It should come as no surprise that many of us are planning for our financial future. After dealing with multiple public health emergencies, natural disasters, and economic crashes in our lifetime alone, we’ve learned that it’s always smart to be financially prepared. You can do just that with the four savvy tips below, even if you’re just a beginner, who is just getting started with the process.
- Make saving a priority.
Saving on a regular basis can be hard, but if you treat this as an expense, you’ll have better success. As with any bill, you should make it nonnegotiable to pay into your savings account each month. Even just a little saved on a regular basis will make a difference. If you struggle with this strategy, consider an automatic deduction to a savings account to make it a no-brainer.
- Plan for the unexpected.
A budget is crucial, but we don’t always know what is in the future. To prepare for the unexpected, you need an emergency fund. This is different from a long-term savings account because you should expect to use this money at any time. By realistically developing a working budget and having a reasonable emergency fund, you will have the means to pay all your expenses and avoid debt.
- Set your goals.
Without goals, you will be unable to stay on track. Getting input from a good financial planner can help you see how much you need to save for retirement. Paying off debt should always be your first goal in financial planning. You also need to identify what you want to spend your money on. If you love to travel, then your extra money after savings may go toward that. If you have significant expenses coming up, like college for your kids, or the purchase of a new home, then you should be clear about those goals. Whatever your goals are, identifying them, talking about them, and tracking them is crucial.

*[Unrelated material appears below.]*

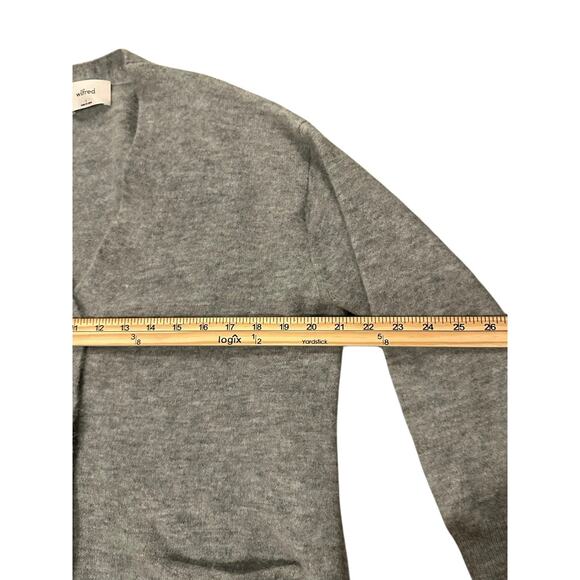 Wilfred by Aritzia Alpaca Wool-Blend Gray Cardigan Size L Cozy CapsuleWardrobe - Picture 4 of 7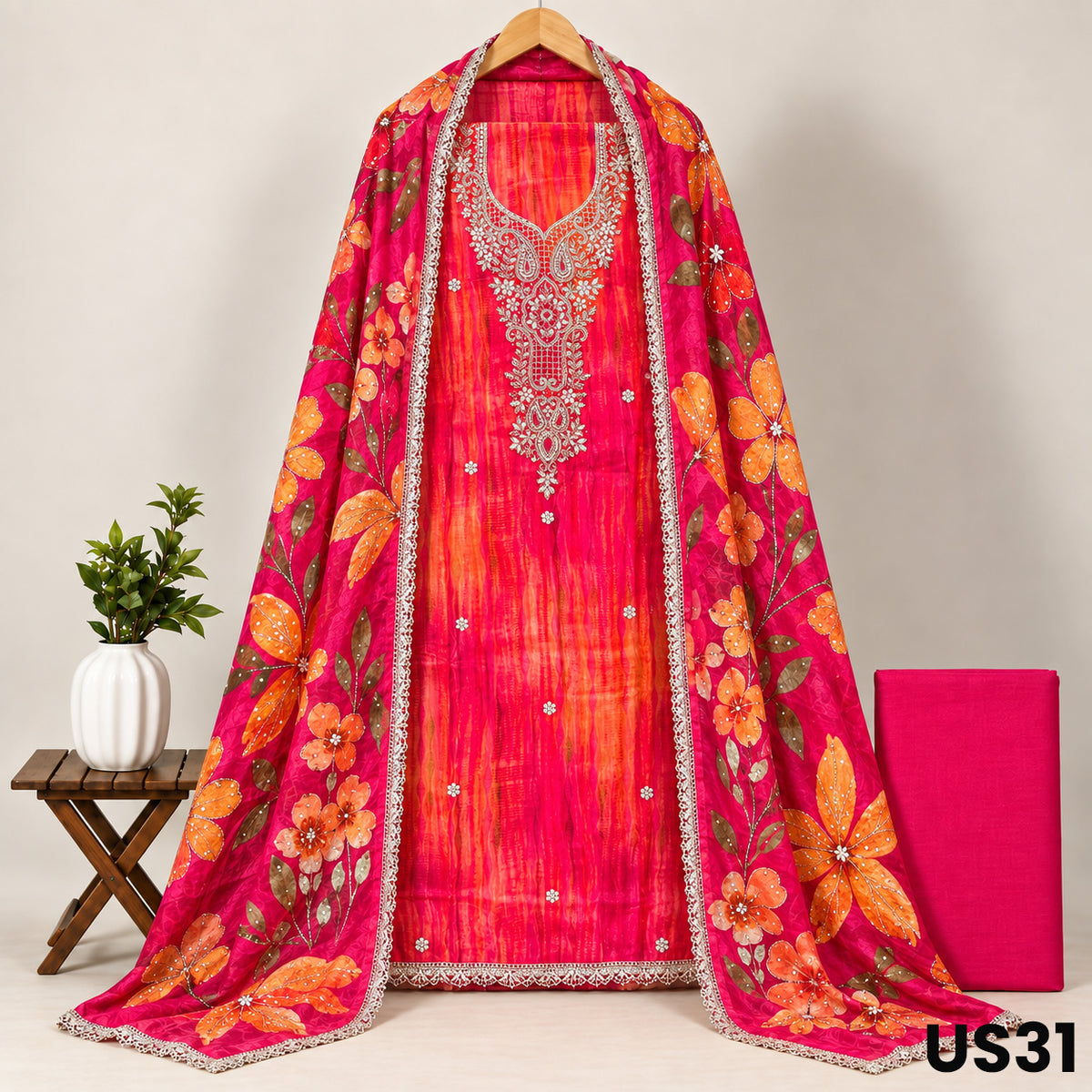 Pink & Orange Upada Silk Floral Embroidered Suit Set - US31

- Don’t bet on what you hope happens.
Many people plan their financial present based on things they hope to happen in their financial future. But if those things don’t materialize, you can be in trouble, especially if you are accumulating debt now in anticipation of a change in your situation. Until you actually get that bonus, move to a cheaper city, inherit that money, or see the stock market move up, don’t spend that money. It is better to have it actually be a bonus and increase in funds than to have to deal with trying to come up with the money you’ll never see.